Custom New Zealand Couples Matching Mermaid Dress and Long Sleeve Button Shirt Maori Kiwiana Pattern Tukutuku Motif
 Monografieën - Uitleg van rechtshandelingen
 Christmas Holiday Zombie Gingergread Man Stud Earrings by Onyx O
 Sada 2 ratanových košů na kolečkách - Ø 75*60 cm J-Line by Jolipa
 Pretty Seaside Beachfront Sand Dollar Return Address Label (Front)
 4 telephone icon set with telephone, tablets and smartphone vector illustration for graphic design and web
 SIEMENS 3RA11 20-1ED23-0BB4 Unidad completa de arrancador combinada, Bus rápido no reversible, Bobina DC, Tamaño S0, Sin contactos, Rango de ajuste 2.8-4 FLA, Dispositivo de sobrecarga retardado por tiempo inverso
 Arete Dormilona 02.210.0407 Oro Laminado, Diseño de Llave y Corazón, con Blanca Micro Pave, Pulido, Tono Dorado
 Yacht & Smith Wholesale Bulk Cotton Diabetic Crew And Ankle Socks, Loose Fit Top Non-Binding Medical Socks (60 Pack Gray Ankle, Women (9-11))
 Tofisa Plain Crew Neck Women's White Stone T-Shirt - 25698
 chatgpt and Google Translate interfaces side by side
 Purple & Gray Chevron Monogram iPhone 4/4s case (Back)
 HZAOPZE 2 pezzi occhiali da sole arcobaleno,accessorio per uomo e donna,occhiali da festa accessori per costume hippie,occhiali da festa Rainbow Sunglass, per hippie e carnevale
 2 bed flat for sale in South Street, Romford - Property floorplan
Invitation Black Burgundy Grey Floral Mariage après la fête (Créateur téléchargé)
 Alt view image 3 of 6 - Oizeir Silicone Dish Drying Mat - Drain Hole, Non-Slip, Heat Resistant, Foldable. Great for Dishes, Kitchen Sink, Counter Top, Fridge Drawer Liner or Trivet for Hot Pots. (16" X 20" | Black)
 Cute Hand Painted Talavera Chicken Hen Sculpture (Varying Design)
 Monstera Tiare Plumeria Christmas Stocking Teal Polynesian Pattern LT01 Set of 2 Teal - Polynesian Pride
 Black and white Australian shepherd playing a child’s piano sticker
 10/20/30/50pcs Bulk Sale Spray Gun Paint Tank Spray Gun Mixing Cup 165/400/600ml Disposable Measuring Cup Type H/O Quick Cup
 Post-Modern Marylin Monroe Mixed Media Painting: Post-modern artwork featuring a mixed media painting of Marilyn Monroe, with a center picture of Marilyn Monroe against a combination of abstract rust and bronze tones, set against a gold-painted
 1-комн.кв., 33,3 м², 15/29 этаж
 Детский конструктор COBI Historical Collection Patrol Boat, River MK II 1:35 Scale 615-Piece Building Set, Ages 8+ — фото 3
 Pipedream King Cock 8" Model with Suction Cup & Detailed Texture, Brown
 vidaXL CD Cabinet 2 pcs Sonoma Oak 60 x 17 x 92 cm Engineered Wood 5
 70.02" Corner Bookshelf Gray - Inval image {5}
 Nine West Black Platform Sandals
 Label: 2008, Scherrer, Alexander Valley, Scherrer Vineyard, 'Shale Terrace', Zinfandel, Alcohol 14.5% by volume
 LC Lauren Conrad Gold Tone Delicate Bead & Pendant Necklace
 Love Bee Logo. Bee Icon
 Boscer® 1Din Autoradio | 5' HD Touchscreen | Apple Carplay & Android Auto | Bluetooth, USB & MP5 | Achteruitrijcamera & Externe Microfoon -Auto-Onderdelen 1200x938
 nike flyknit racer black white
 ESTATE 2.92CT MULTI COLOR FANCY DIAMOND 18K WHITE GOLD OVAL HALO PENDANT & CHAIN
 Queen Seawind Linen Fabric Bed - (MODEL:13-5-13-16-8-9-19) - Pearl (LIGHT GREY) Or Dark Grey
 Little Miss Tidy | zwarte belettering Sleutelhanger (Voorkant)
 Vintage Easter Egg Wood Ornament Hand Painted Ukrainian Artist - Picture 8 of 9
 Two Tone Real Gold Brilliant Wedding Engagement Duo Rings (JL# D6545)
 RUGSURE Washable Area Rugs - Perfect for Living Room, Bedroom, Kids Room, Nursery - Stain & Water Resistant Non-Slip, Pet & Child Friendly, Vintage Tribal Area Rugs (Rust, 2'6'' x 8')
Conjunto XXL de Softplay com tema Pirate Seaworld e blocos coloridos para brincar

━━━━

# TASK BRIEF
Beginning with the line containing "Two Tone Real", repeat each line of the listing above, exactly, through the last one, and stop there.

# WRITTEN ANSWER
 Two Tone Real Gold Brilliant Wedding Engagement Duo Rings (JL# D6545)
 RUGSURE Washable Area Rugs - Perfect for Living Room, Bedroom, Kids Room, Nursery - Stain & Water Resistant Non-Slip, Pet & Child Friendly, Vintage Tribal Area Rugs (Rust, 2'6'' x 8')
Conjunto XXL de Softplay com tema Pirate Seaworld e blocos coloridos para brincar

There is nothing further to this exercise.